_Dataset entries_

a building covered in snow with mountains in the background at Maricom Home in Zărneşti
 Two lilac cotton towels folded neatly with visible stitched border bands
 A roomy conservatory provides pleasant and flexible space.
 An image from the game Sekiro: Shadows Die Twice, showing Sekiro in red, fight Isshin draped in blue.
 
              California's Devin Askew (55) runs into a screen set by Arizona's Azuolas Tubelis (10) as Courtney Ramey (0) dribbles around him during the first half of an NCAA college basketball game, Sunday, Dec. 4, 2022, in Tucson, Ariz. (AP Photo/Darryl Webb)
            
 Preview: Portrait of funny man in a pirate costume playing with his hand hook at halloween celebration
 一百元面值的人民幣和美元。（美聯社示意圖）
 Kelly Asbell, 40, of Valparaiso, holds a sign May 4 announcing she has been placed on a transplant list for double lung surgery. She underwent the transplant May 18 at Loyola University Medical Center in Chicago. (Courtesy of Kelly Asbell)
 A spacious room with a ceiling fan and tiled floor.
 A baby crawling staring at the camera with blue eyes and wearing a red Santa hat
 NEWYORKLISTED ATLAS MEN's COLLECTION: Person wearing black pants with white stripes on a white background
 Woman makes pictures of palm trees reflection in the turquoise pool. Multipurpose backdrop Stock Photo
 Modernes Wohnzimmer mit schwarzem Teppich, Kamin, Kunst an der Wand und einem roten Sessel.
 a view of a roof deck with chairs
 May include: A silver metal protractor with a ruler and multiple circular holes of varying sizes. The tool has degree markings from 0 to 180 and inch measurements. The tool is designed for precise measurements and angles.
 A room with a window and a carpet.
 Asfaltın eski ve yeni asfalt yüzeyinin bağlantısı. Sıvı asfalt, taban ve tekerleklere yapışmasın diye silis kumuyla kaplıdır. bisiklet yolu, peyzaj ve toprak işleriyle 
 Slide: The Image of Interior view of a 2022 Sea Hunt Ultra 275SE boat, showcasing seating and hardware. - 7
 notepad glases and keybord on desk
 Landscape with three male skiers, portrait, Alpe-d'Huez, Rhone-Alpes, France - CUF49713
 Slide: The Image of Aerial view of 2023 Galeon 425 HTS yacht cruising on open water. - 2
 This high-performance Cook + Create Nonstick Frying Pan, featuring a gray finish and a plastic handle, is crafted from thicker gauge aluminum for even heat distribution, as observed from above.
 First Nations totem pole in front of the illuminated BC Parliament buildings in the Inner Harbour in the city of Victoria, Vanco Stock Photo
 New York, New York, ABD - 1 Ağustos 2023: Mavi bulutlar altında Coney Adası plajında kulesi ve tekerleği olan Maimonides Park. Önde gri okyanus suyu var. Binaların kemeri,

_TASK BRIEF_
Send back all the records above word for word.

_SOLVED EXERCISE_
a building covered in snow with mountains in the background at Maricom Home in Zărneşti
 Two lilac cotton towels folded neatly with visible stitched border bands
 A roomy conservatory provides pleasant and flexible space.
 An image from the game Sekiro: Shadows Die Twice, showing Sekiro in red, fight Isshin draped in blue.
 
              California's Devin Askew (55) runs into a screen set by Arizona's Azuolas Tubelis (10) as Courtney Ramey (0) dribbles around him during the first half of an NCAA college basketball game, Sunday, Dec. 4, 2022, in Tucson, Ariz. (AP Photo/Darryl Webb)
            
 Preview: Portrait of funny man in a pirate costume playing with his hand hook at halloween celebration
 一百元面值的人民幣和美元。（美聯社示意圖）
 Kelly Asbell, 40, of Valparaiso, holds a sign May 4 announcing she has been placed on a transplant list for double lung surgery. She underwent the transplant May 18 at Loyola University Medical Center in Chicago. (Courtesy of Kelly Asbell)
 A spacious room with a ceiling fan and tiled floor.
 A baby crawling staring at the camera with blue eyes and wearing a red Santa hat
 NEWYORKLISTED ATLAS MEN's COLLECTION: Person wearing black pants with white stripes on a white background
 Woman makes pictures of palm trees reflection in the turquoise pool. Multipurpose backdrop Stock Photo
 Modernes Wohnzimmer mit schwarzem Teppich, Kamin, Kunst an der Wand und einem roten Sessel.
 a view of a roof deck with chairs
 May include: A silver metal protractor with a ruler and multiple circular holes of varying sizes. The tool has degree markings from 0 to 180 and inch measurements. The tool is designed for precise measurements and angles.
 A room with a window and a carpet.
 Asfaltın eski ve yeni asfalt yüzeyinin bağlantısı. Sıvı asfalt, taban ve tekerleklere yapışmasın diye silis kumuyla kaplıdır. bisiklet yolu, peyzaj ve toprak işleriyle 
 Slide: The Image of Interior view of a 2022 Sea Hunt Ultra 275SE boat, showcasing seating and hardware. - 7
 notepad glases and keybord on desk
 Landscape with three male skiers, portrait, Alpe-d'Huez, Rhone-Alpes, France - CUF49713
 Slide: The Image of Aerial view of 2023 Galeon 425 HTS yacht cruising on open water. - 2
 This high-performance Cook + Create Nonstick Frying Pan, featuring a gray finish and a plastic handle, is crafted from thicker gauge aluminum for even heat distribution, as observed from above.
 First Nations totem pole in front of the illuminated BC Parliament buildings in the Inner Harbour in the city of Victoria, Vanco Stock Photo
 New York, New York, ABD - 1 Ağustos 2023: Mavi bulutlar altında Coney Adası plajında kulesi ve tekerleği olan Maimonides Park. Önde gri okyanus suyu var. Binaların kemeri,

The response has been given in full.